[TowerTalk] re: coax as balanced line

John Brosnahan broz@csn.net
Fri, 1 Aug 1997 13:32:49 -0600 (MDT)


At 02:36 PM 8/1/97 -0500, you wrote:
>I was wondering about the possibility or practicality of doing this
>where a long run would exist from the shack to the antenna. Cost wise it
>would be cheaper than hardline and should avoid some of the problems of
>ladderline: rain, snow, ect. Would this work at vhf, uhf, or just hf?
>Would this setup have the same losses as ladderline or somewhere between
>that & coax? Has anyone tried using 4 lines for 50 ohms or the 2 line
>100 ohm setup, if so were you using RG-8 or RG-58 size cable & how were
>you terminating it? Thanks for your ideas.
>73' Steve KG8TX


Steve, this issue was brought up earlier this year and here is my
offline response to the following comment that was made during the
previous discussion:

>>     Using two runs of coaxial cable as a balanced feeder will result in an 
>>     additional 3-dB loss.  


This is BS  (Bogus Speculation)!

I have used a balanced RG-213 feedline on my 8/8/8/8 10M array
that got such good EME echoes when it was up.  It was my contention 
that the loss would stay the same--simple thought problem.  If you think 
in terms of coax with 3 dB loss over the run from rig to antenna and then 
use two of them in a balanced feeder it was my contention that you 
could think in terms of half the power going into each one and each 
one would have 3 dB loss.

So if a single 50 ohm coax had 10 watts going in and had 3 dB loss
then the antenna would receive 5 watts.  If the balanced pair of
coaxes each had 5 watts going in and each had 3 dB loss then you would
have 2.5 watts at the far end of EACH coax--combined back into 5 watts.
Maybe not the best analogy but it gave me the answer that made most
sense.  I wanted to believe that with all of the extra copper that maybe the
loss would be less, but I couldn't get a logical handle on it that made sense
and I certainly didn't believe that the losses would be greater than with a 
single coax as the original questioner had posed.

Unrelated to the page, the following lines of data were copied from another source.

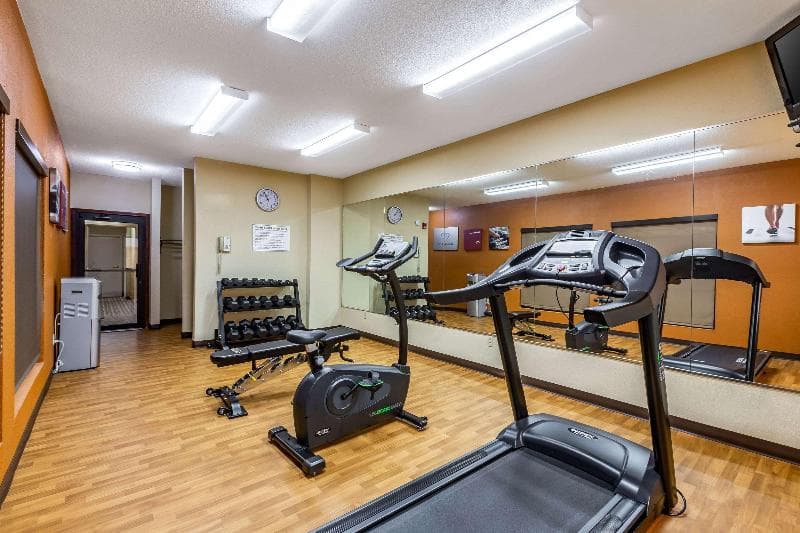 Comfort Suites Near Robins Air Force Base 3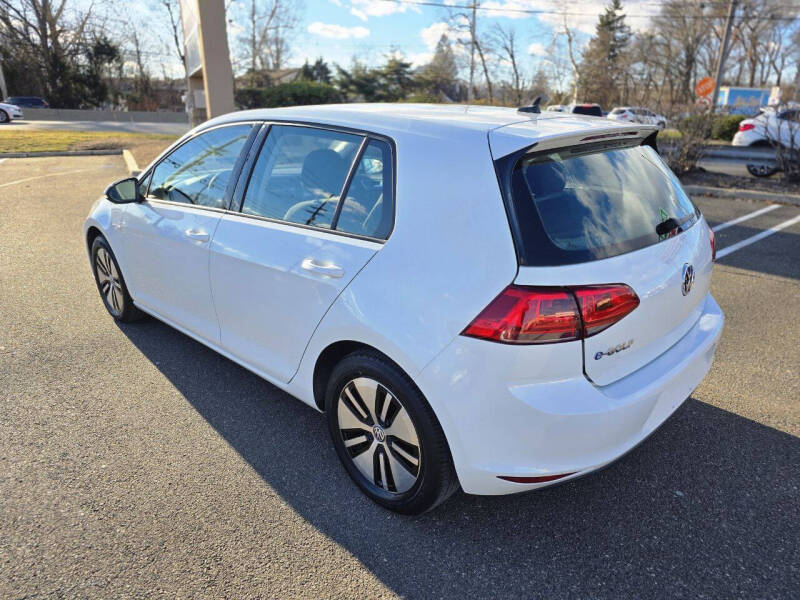 2016 Volkswagen e-Golf SE
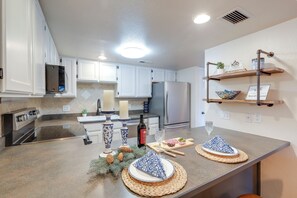 Kitchen | 1st Floor
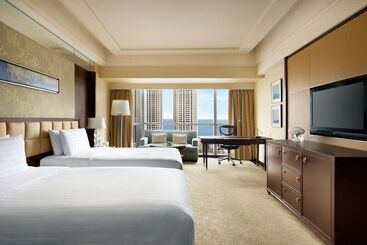 هتل Shangri La Qingdao May Fourth Square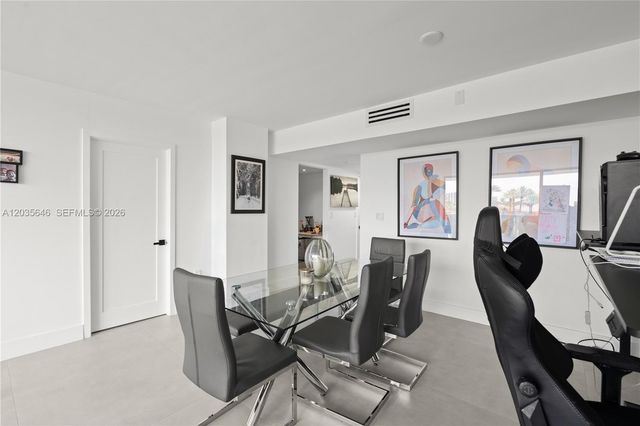 20505 E Country Club Drive 331, Aventura, FL 33180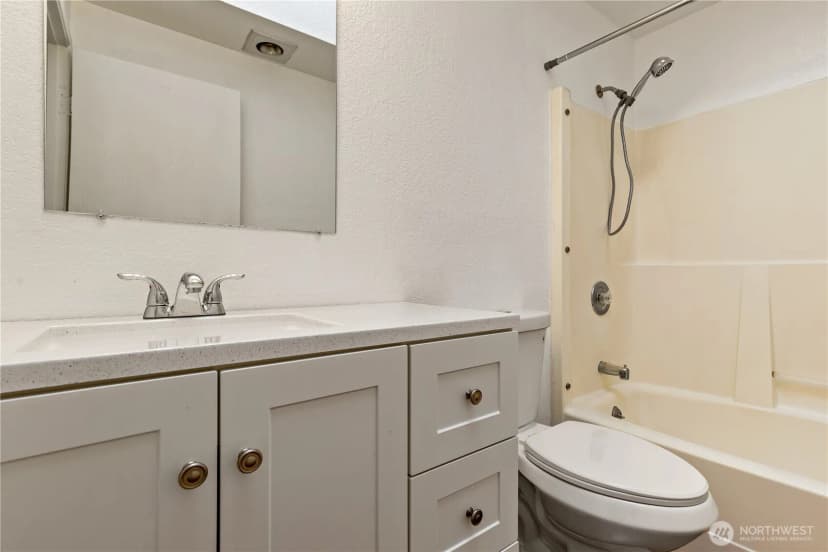 Property photo for 727 Salzburg Se, Olympia photo 21
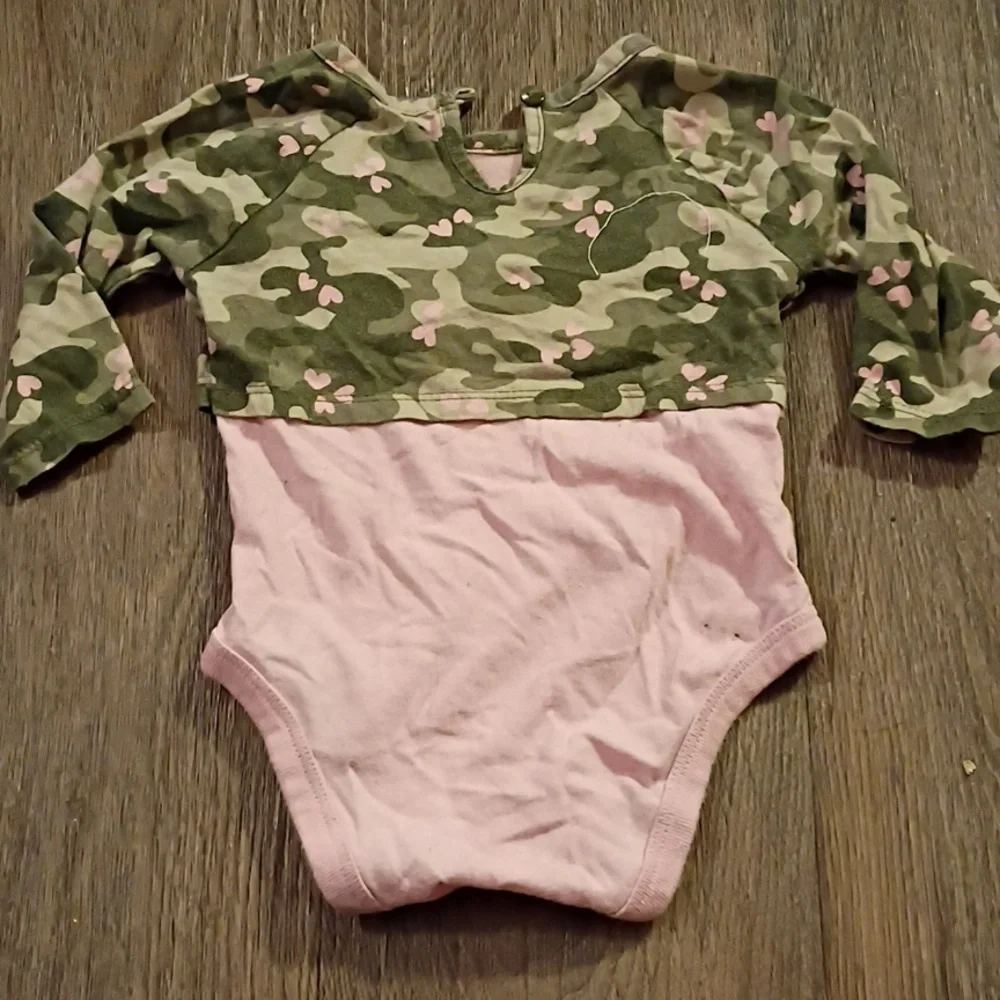 Garanimals Green and Pink Camouflage Bodysuit - Picture 5 of 7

But if you want a mathematical answer rather than an answer based
on logic here is what you need:


If you believe in the RGLC circuit model for the T-line, then the following
might convince you that the loss stays the same.

Let R, G, L, C be the resistance, conductance, inductance, and capacitance
of the original line (per unit length).

Then your new line has parameters R', G', L', C' where:

         R'=2R, G'=G/2, L'=2L, C'=C/2

Characteristic impedance of old line:  Zo=sqrt(L/C)
Characteristic impedance of new line:  Zo'=sqrt(L'/C')=sqrt(2L/(C/2))=2*Zo

Using low-loss approximation, Jordan and Balmain, p219
(not necessary to use approximation, but easy):

Loss per unit length (nepers) of old line: alpha = 0.5*(R/Zo + G*Zo)
Loss per unit length (nepers) of new line: alpha'= 0.5*(R'/Zo' + G'*Zo')
                                                 = 0.5*(2R/(2Zo) + (G/2)*2Zo)
                                                 = 0.5*(R/Zo + G*Zo)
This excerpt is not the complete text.